Spring Was the Season of Growth


by Ayesha Asad


 

spring           was the season

I began to regret

my idleness,

lying on my belly

as I read tattered, cavernous

volumes,      sucking them into

my throat

for consumption.

I ate them as easily

as the

chile limon

chips that peppered

my childhood, like a

warm glaze, carefree, my face        a smooth canvas

for puberty to

mar with paint.
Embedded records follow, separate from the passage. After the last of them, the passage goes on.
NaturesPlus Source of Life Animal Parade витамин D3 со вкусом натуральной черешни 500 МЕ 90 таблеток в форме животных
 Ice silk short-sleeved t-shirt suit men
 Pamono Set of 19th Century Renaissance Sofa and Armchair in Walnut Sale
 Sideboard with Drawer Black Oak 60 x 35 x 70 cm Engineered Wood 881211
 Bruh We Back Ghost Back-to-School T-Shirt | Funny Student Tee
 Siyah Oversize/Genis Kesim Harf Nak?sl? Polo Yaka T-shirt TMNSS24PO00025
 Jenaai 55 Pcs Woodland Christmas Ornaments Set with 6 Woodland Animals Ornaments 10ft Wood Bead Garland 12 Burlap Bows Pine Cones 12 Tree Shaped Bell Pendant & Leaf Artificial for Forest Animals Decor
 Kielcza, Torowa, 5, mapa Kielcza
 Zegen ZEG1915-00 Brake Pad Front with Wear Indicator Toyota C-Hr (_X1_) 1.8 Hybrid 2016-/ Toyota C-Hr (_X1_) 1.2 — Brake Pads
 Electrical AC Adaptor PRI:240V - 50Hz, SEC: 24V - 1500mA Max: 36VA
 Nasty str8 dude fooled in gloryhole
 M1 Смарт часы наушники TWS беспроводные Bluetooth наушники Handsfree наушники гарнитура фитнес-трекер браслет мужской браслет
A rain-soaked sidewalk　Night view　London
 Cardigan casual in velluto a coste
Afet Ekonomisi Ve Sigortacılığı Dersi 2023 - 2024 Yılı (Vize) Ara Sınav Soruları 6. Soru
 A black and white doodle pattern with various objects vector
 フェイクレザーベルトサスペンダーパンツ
I used to come home

to pygmy dandelions          and jellied lizards. when our parents

closed their

bedroom door, my sister and I huddled

on the sofa together,

wrapping ourselves

like mango peels, protection            from the bacteria that

swarmed the carpet, clustered like ant piles.

now, spring is

a flurry of coats falling                   off chairs

and bootlaces being tightened

and my parents’ white door

blankly opened.                  there is no time

to explore the              bookshelf, to kiss soft

daisies, to oil bike gears            laced with grime.

all that idleness,

I don’t think I miss it.

I think I miss

the snowman my sibling and I

built when I was nine,

scraped snow from cold,

slithering grass, darkened with              freezing rainwater,

about two feet tall.             He couldn’t have

supported much weight,

as it was the first snowfall

we’d gotten in years, and we had to be satisfied

with the scrawny baby carrot

we lodged into the snow,          jutting out like

the cragged red boulders

of a canyon. I miss the smooth, pink berries

we plucked from minty leaves

and never ate because

they might’ve been poisonous.

but the idleness, I remember,

floated me to the clouds,            where I bathed in papery mist and

rosebud sunrays,                      and I forgot how to walk

in solid dirt.

 


Ayesha Asad is a freshman at the University of Texas at Dallas majoring in Literature and Biology. Currently, her writing has been published or is forthcoming in Santa Clara Review, Blue Marble Review, Eunoia Review, Skipping Stones Magazine, and TeenInk and has been recognized by the Creative Writing Ink December 2019 contest.